Duke: Global Warming
Cutting Tropical Deforestation to Avert Global Warming Cheaply - 05/10/07
Slowing tropical deforestation is an essential and cost-effective way to avert severe climate change, according to a new study published in the May 10 Science Express, an advanced online publication of the journal Science.
An international team of 11 top forest and climate researchers, including civil and environmental engineer Roni Avissar of Duke's Pratt School of Engineering, found that cutting deforestation rates in half by mid-century would amount to 12 percent of the emissions reductions needed to keep concentrations of heat-trapping gases in the atmosphere at relatively safe levels.
Slowing tropical deforestation won't, by itself, solve the climate problem," said Peter Frumhoff, the study's corresponding author and director of science and policy at the Union of Concerned Scientists (UCS). "But for many developing countries, it is their largest source of emissions. Climate policymakers have a historic opportunity to support their efforts to find economically viable alternatives to deforestation and do their part to slow global warming. "
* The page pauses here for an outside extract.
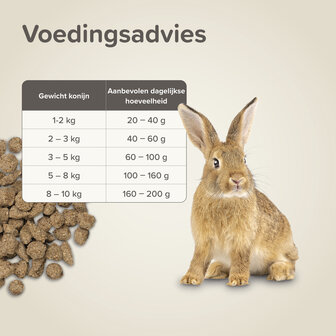 Beaphar Care+ Konijn 1,5 kg &ndash; voedingstabel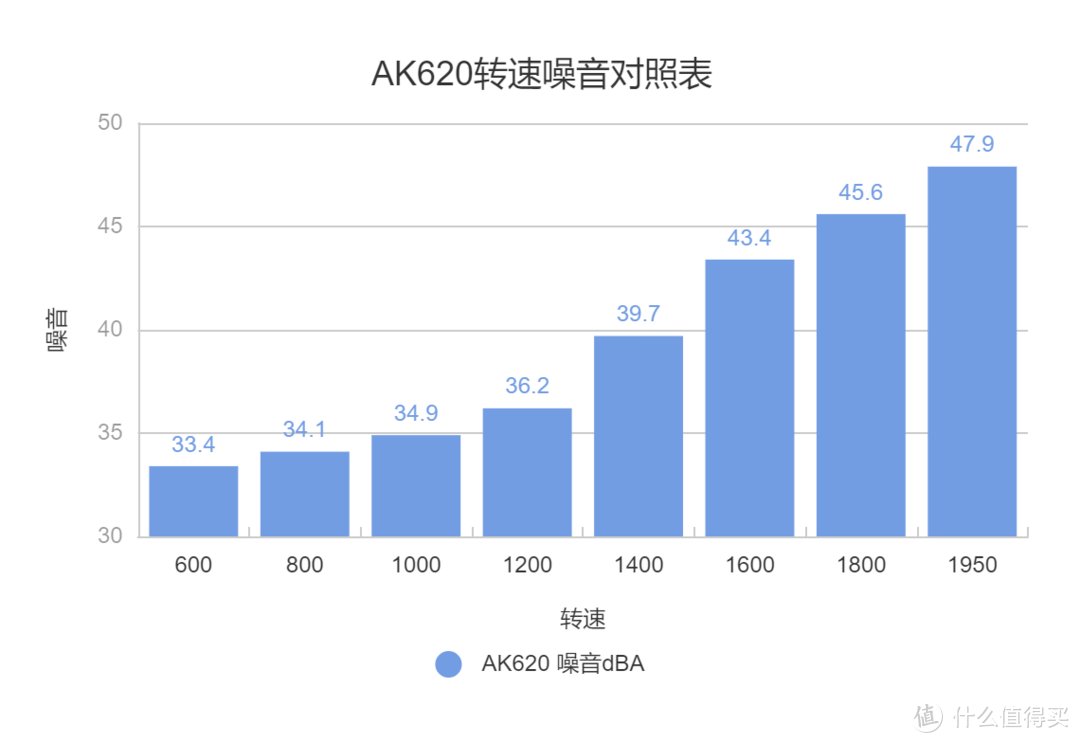 妍皮不裹痴骨——九州风神AK620散热器使用体验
A widely reported earlier study had suggested that global warming could potentially dry out many tropical forests, increasing fires that release the large quantity of carbon stored in their trees into the atmosphere. The authors now provide new evidence that tropical forests will persist in the face of climate change, especially if nations make needed cuts in both industrial and deforestation emissions.
The study comes as international climate negotiations are taking place this week in Bonn, Germany. Policymakers there are weighing proposals for the design of international climate policies after the Kyoto Protocol expires in 2012. On the table is an initiative introduced by the governments of Papua New Guinea, Costa Rica and several other forest-rich developing countries that are seeking to limit their emissions from deforestation.